The federal agency that invests civil servants' pensions set up a complex scheme of European shell companies and exploited loopholes that helped it avoid paying foreign taxes — a move that could undermine Canada's standing internationally as its allies try to mount a crackdown on corporate tax avoidance.

The arrangement involved two dozen entities, half of them based in the financial secrecy haven of Luxembourg, and all of them set up in order to invest money in real estate in Berlin by a Crown corporation called the Public Sector Pension Investment Board.

The blueprint for the tax-avoidance plan was obtained by the Washington-based International Consortium of Investigative Journalists and shared with CBC News as part of a larger leak of records exposing hundreds of corporate offshore schemes set up to capitalize on advantageous tax and secrecy rules in Luxembourg.

German tax official Juergen Kentenich

Juergen Kentenich, director of the regional tax office in Trier, Germany, said the pension board's tax dealings amounted to 'a very aggressive way to avoid taxes.' (Harvey Cashore/CBC)

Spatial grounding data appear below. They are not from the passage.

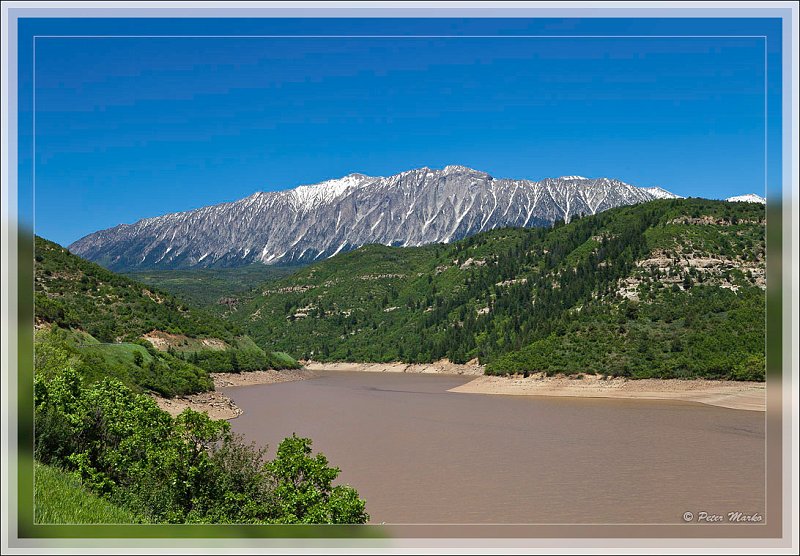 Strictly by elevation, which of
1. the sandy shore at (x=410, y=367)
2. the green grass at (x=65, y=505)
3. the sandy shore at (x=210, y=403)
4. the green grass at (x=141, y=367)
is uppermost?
the green grass at (x=65, y=505)

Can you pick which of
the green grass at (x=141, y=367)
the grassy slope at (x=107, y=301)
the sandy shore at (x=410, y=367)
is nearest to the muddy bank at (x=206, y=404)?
the green grass at (x=141, y=367)

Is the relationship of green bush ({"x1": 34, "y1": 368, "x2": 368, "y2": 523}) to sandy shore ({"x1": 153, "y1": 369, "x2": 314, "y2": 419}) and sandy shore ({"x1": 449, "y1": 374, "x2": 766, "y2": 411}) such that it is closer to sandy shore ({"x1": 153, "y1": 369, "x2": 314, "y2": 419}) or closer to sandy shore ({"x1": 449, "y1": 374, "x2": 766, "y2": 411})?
sandy shore ({"x1": 153, "y1": 369, "x2": 314, "y2": 419})

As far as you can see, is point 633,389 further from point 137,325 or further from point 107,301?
point 107,301

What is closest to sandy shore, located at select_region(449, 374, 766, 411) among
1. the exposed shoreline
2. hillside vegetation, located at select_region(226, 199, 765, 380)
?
the exposed shoreline

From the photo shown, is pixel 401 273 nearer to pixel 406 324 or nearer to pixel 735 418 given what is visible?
pixel 406 324

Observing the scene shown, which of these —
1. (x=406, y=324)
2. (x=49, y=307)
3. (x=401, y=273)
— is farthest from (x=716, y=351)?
(x=401, y=273)

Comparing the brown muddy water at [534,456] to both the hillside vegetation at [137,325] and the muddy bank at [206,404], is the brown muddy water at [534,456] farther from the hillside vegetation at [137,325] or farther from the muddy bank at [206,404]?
the hillside vegetation at [137,325] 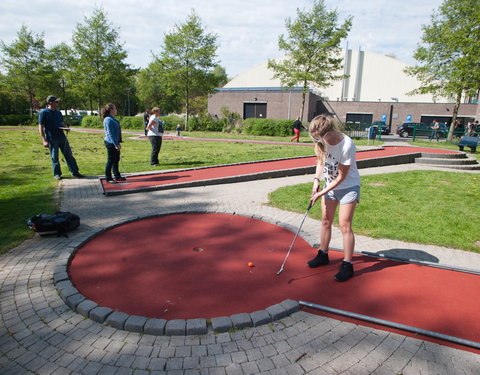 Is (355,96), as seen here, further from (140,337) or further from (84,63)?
(140,337)

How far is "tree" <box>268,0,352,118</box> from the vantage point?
938 inches

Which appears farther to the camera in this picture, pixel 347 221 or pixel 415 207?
pixel 415 207

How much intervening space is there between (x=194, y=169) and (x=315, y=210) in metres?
5.12

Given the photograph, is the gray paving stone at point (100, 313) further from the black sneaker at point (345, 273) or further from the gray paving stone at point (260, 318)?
Answer: the black sneaker at point (345, 273)

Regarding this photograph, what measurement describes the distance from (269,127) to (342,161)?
80.5 feet

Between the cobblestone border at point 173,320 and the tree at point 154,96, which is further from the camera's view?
the tree at point 154,96

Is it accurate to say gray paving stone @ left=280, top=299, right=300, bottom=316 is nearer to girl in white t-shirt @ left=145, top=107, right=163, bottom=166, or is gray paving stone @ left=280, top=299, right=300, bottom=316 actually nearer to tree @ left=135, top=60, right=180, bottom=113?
girl in white t-shirt @ left=145, top=107, right=163, bottom=166

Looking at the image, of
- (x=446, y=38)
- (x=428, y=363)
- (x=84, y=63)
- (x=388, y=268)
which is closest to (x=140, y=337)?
(x=428, y=363)

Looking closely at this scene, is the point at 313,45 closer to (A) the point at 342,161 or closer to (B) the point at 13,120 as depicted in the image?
(A) the point at 342,161

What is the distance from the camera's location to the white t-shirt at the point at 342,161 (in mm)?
Answer: 3480

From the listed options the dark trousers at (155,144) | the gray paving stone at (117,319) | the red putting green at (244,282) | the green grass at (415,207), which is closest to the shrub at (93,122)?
the dark trousers at (155,144)

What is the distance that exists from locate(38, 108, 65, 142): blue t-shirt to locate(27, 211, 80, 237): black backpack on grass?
427 cm

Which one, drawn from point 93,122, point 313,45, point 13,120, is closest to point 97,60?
point 93,122

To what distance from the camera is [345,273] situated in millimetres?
3830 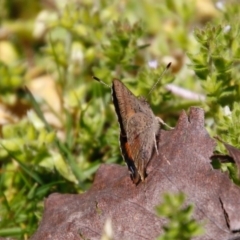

Some of those leaked documents were first reported on in 2012 by Edouard Perrin for France 2 public television and by the BBC, but most of them have never before been analyzed by reporters.

While the Canadian government corporation's transactions were not illegal, a senior German tax official who reviewed them said the pension investment board had used "a very aggressive way to avoid taxes."

"The only goal is to avoid taxes," Juergen Kentenich, director of the regional tax office in Trier, Germany, said of the tangle of Luxembourg companies.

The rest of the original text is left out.